More than 100 people milled in and out of Pop-Up Art Gallery at Yacht Haven Friday evening for the kick-off event of “Defending Paradise,” an art exhibit touching on social and environmental issues.
More than 20 artists from across the territory put almost 100 works on display, from paintings to photographs to installations, all dealing with issues such as homelessness, violence and environmental pollution.
“It’s an exploration of that theme, of defending paradise, in an artistic, visceral way,” said Priscilla Hintz Rivera, curator at Pop-Up Art. “All the artists explored the themes in a very eclectic, thoughtful manner.”
Most of the works on display are for sale, with a portion of the proceeds going to the Rotary Practice Peace Initiative.
Most of the environment art used recycled materials. Brenda Sylvian’s “All that Remains” is a coral reef made almost entirely out of found marine trash: plastic bottles became coral, plastic strips became seaweed and empty cigarette lighters became anemone.
“When you first come up to it, it’s a beautiful image of a coral reef, and as you get closer, you realize it’s marine trash,” said Jason Budsan, who heads the Environmental Association of St. Thomas. “It brings home the point that we have to protect our oceans. It really brings home the message.”
Ensor Colon’s “Where Are We Going to Live?” is an abstract oil painting depicting the biosphere. Three round blobs portray the earth, the sun and the planet Mars.
“I’m against the 2024 project to send people to live there,” said Colon, who doubts the feasibility of planting human colonies on Mars. “Why invest money in that? Why not invest the money to fix our planet?”
Other works focused on sustainability. Paul Wikander used old bottles, sand and LED lights to create aesthetic, long-lasting light sources. Sean Krivatch’s “Copper Impact Lighting” was intricately carved copper wall lamps designed to withstand decades of use in the Caribbean climate. Shansi Miller deviated from her classical style to abstract realism, “documenting” places she believes remain untouched by construction around St. Thomas.

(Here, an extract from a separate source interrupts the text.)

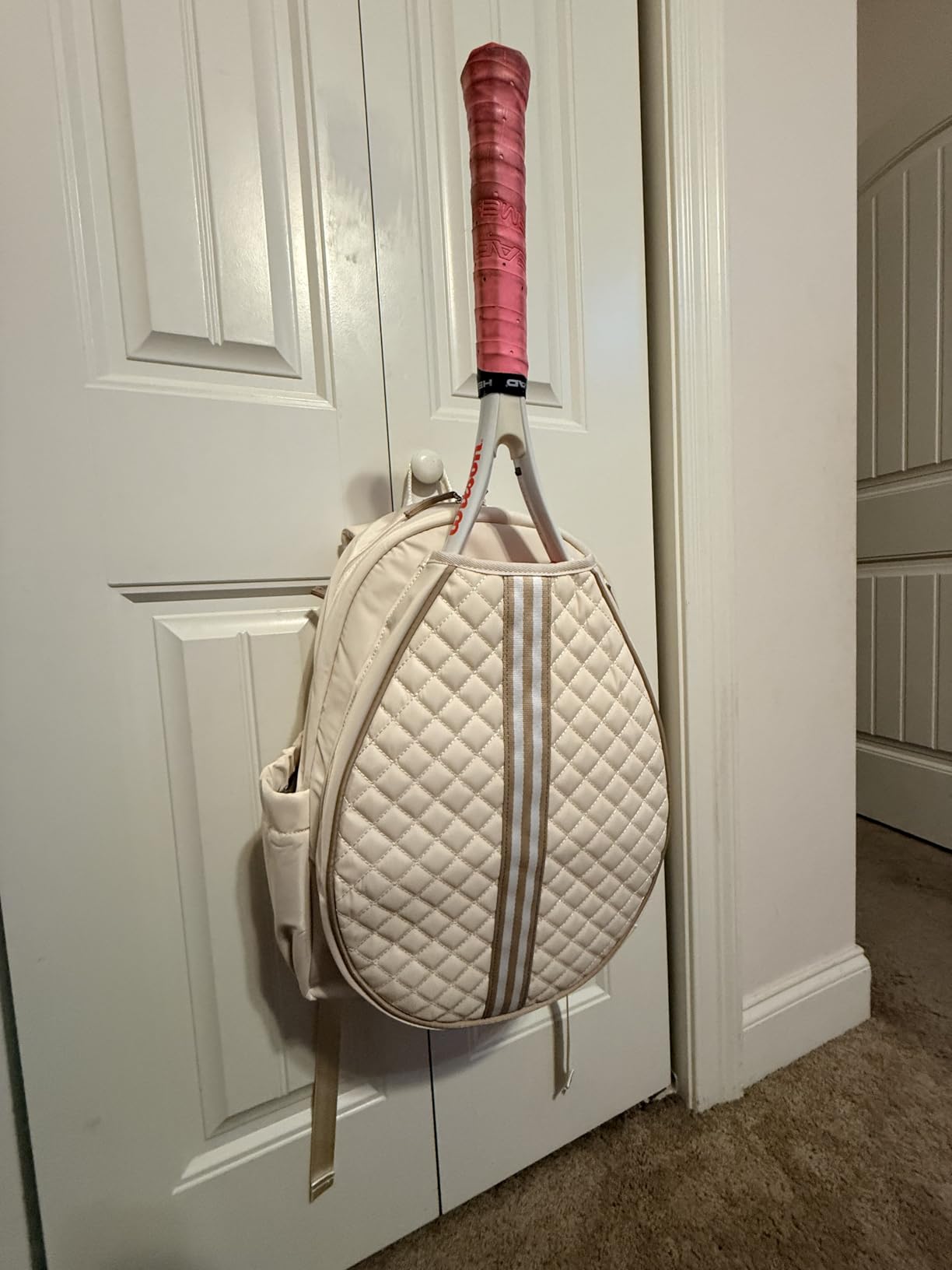 Sucipi Tennis Bag, Quilted Tennis Sling Crossbody Backpack, Water Resistant Tennis Racket Bags for Women Men, Suitable for Pickleball Tennis Badminton customer photo 2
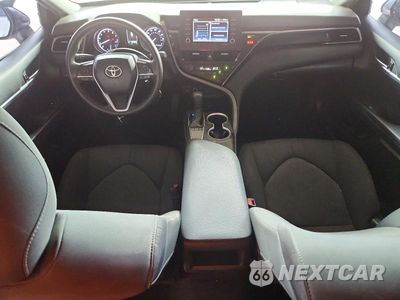 Zdjęcie 8 z 12 samochodu: 2022 TOYOTA CAMRY LE VIN:4T1C11AK4NU695451 - miniatura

St. Thomas-based veteran photographer Steve Rockstein said he heard about the exhibition from Hintz about a month ago. Hintz had seen a 2011 exhibit of Rockstein’s works and decided those were the kinds of photographs she wanted to showcase.
“I got unique access to people’s private moments,” Rockstein said about working as a newspaper photographer. “What I tried to do is, from the chaos, preserve great images that preserve people’s dignity.”
Rockstein’s photographs, all black and white, told stories of violence, alcoholism, poverty and homelessness.
The crowd was particularly drawn to Rockstein’s “Guns,” a striking, black-and-white image of a child tentatively inspecting a small revolver among a number of guns spread across a glass-topped table. The picture was taken at police demonstration at Ulla Muller Elementary School, according to Rockstein.
“The way he stared at it was just so compelling to me. That was like dealing with the whole dilemma of the attraction, and then the reality, of weapons in our culture,” he said. “I look at that boy’s face and I feel all of that, that whole conflict.”
In “Two Sides of the Same Coin,” Clay Jones took tourist postcards and photos of homelessness and poverty, placing them back-to-back inside picture frames suspended from the ceiling. Eric Browne created a multi-media collage out of photographs and clippings showing guns, tattoos, and soaring gas prices.
Hintz, who had identified the artists and gathered their work for the exhibit, said she was pleased with the outcome.
“They really took the theme, challenged themselves and created amazing work,” she said.
The “Defending Paradise” exhibit is available for public viewing at Pop-Up Art until Nov. 15.